He was stiff and wooden and when the other horses did a nice circle he would spend most of the time pulling on the bit to go in a straight line. He would stop dead when asked to trot. He really made me work for any kind of response in fact. At the time I called him a stupid horse. I didn't know any better. And he was really, really good at getting his rider to go over a jump without him......
He was hogged and trimmed in fine old British cob showing style, so I didn't even have a mane to grab on to. He would lumber up to the jump, exhibiting enough energy to fool me into thinking that he'd actually go over it this time, then stop dead and stand there as I somersaulted over his head and landed in the sand.
I never did develop enough of a good seat at the time to stay with him. I realise now, having seen another cob doing the same thing just today, that he'd simply drop his shoulder and as I was totally unbalanced, off I'd go.

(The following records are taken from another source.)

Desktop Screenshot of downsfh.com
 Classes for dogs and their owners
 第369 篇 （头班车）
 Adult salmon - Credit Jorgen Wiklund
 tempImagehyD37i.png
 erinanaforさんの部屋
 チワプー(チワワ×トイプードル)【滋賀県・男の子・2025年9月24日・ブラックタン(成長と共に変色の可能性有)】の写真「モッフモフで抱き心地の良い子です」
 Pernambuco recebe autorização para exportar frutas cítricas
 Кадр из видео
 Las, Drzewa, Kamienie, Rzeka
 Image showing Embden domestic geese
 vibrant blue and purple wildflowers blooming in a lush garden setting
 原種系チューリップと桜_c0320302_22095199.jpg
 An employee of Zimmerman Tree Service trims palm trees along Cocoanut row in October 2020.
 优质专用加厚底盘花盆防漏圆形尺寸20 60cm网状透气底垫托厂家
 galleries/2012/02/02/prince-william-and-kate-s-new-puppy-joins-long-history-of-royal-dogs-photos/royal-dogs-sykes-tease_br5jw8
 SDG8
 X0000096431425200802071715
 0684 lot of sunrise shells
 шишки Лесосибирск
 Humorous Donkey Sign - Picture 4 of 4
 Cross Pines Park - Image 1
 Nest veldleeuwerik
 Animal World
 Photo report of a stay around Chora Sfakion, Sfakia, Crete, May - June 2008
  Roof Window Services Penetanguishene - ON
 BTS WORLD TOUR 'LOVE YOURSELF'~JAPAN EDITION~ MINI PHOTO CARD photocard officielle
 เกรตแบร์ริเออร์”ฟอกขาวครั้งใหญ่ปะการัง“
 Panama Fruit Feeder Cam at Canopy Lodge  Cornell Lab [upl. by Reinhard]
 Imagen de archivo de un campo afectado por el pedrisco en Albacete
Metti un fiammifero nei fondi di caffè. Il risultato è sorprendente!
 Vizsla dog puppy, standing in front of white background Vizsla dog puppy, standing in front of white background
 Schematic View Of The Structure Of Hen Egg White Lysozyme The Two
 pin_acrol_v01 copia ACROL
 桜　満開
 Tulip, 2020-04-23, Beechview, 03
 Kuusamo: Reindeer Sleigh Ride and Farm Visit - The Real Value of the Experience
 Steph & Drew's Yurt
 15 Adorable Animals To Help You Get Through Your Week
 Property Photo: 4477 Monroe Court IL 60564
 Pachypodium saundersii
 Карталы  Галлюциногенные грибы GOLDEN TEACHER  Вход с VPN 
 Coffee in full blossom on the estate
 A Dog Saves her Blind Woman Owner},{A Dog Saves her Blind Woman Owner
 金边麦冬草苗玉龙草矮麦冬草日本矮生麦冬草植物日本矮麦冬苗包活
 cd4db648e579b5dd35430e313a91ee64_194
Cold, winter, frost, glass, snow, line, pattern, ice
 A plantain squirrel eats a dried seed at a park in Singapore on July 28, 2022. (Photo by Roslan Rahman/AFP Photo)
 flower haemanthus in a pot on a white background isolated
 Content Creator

Sadly I have no photographs of this equine paragon as my parents used to drop me off at the stables' gate and beat a hasty retreat. Not something my daughters can ever accuse me of!
Although Fothergill is long gone, his legacy lives on. Which means that I have spent a lot of time not jumping stuff because of those unpleasant memories. And to be fair, Gandalf doesn't exactly seem keen either. But as we need to pop the odd log for TREC competitions, we do have to occasionally make the effort.
Recently, a tree came down on the campsite. It's not huge, really, but it's very solid, in the way that only tree trunks can be. Needless to say, Alienor was merrily flinging ponies over it without a second thought straight away.
Today the girls were again flinging ponies over it and I decided to go for it. Hadn't even had a drink at lunchtime.........and we did it!